Hi... I have an i5 9600k at stock and i am not OCing the cpu for the moment. Ram is Corsair Vengeance White led at 3000mhz xmp enabled but vccio and sa are way too high, 1.312 and 1.248v. Can i set these voltages to 1 or 1.1? I have an Asus maximus hero xi wifi. Thanks.

Rest of the system has a corsair h100i v2, a bitfenix whisper m 750w and a evga gtx 1070 ti sc.


----------



## kastriot (Apr 23, 2019)

Read this:


__
		https://www.reddit.com/r/overclocking/comments/ac0ybb


----------



## TheMadDutchDude (Apr 23, 2019)

Yeah, that is very high. Scale back to 1.1v and you’ll be fine.


----------



## Leoplate25 (Apr 23, 2019)

TheMadDutchDude said:


> Yeah, that is very high. Scale back to 1.1v and you’ll be fine.


Hi. Thanks for your answer.

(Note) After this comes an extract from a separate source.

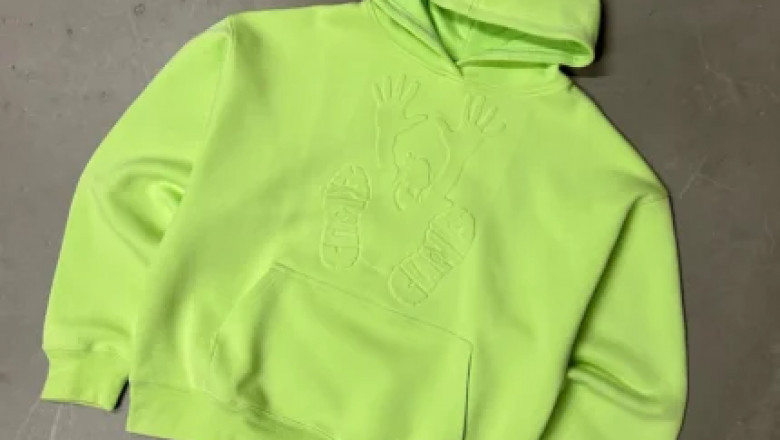 Introduction to Clint’s Hoodie and T-Shirt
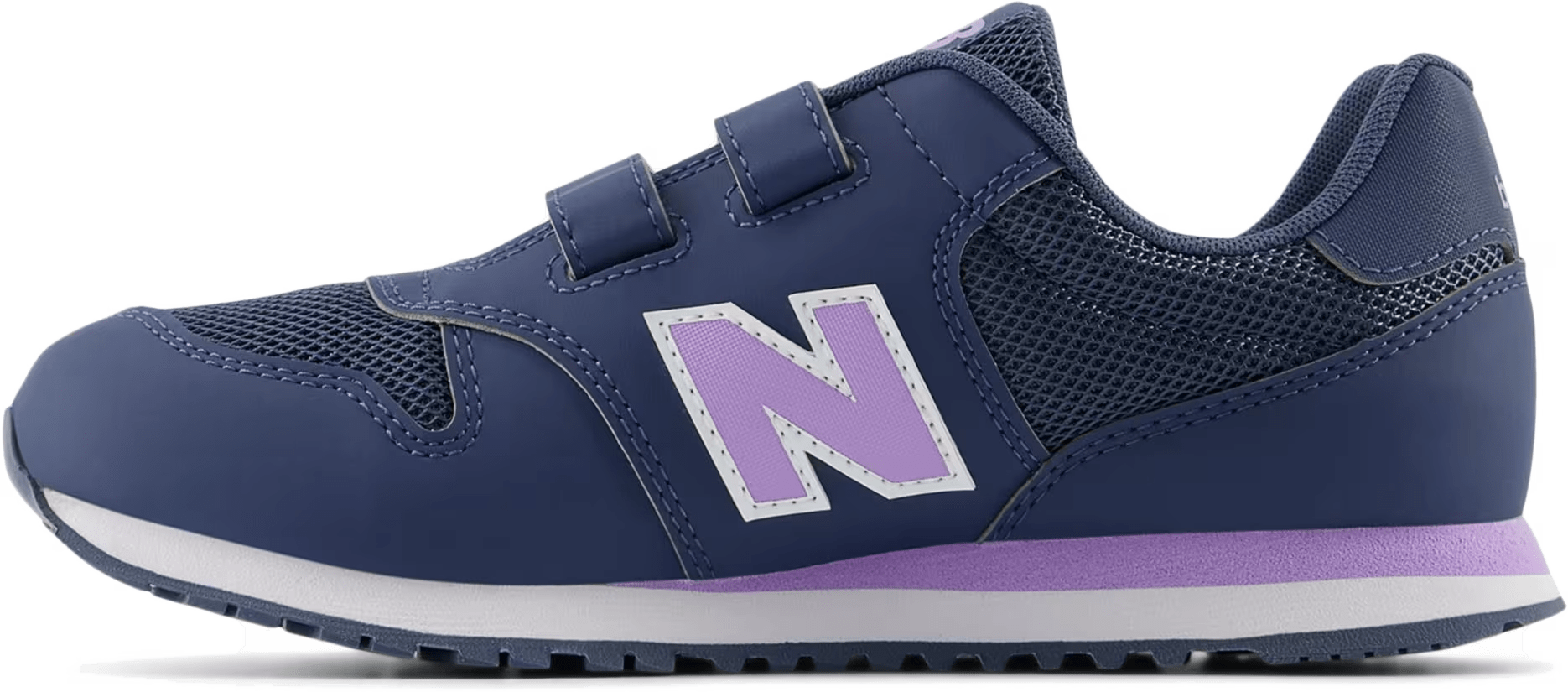 New Balance Kids' 500 Hook & Loop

I ran Prime95 blend and memtest free and they ran without problems. Thanks i will keep thede settings and see what happens in daily usage.



kastriot said:


> Read this:
> 
> 
> __
> https://www.reddit.com/r/overclocking/comments/ac0ybb


Thanks!!!


----------



## TheMadDutchDude (Apr 23, 2019)

I got the message from a vendor (not mentioning who!) when I reviewed an X99 board that it was normal as it helps stabilize the higher XMP profiles. However, what they aren't aware of is that anything above 1.25v (roughly) is considered unsafe for long term usage. I asked them why this was and if they had any plans to change their voltage ranges for IO/SA, but they were pretty clear that it won't be changing. It's kind of annoying from a reviewer standpoint, but you can't win them all. I tried...


----------



## Leoplate25 (Apr 23, 2019)

TheMadDutchDude said:


> I got the message from a vendor (not mentioning who!) when I reviewed an X99 board that it was normal as it helps stabilize the higher XMP profiles. However, what they aren't aware of is that anything above 1.25v (roughly) is considered unsafe for long term usage. I asked them why this was and if they had any plans to change their voltage ranges for IO/SA, but they were pretty clear that it won't be changing. It's kind of annoying from a reviewer standpoint, but you can't win them all. I tried...


ASUS Maximus Hero XI and other Maximus boards has a "memory training" feature and if i turn XMP on with defaults VCCIO and SA voltages, the board turns on, off and then on again. Lowering these voltages, the "feature/problem" (or whatever you wanna call it) dissapeared, it starts normally, even on cold boots. Why? Someone tell me it was a PSU protection instead of memory training. I think it is because of the very high VCCIO voltage (over 1.3). When i manually set 1.3, the colour of the number turned purple (danger?). I don't know why or how, but now i am running VCCIO and SA at 1.1v both with XMP enabled (3000mhz) and stock clocks for the i5-9600k. As i said, i ran Prime95 and Memtest without any issues. I played Far Cry New Dawn, browse the internet and everything went  and is ok.


----------



## TheMadDutchDude (Apr 23, 2019)

All motherboards have memory training, for what it's worth. 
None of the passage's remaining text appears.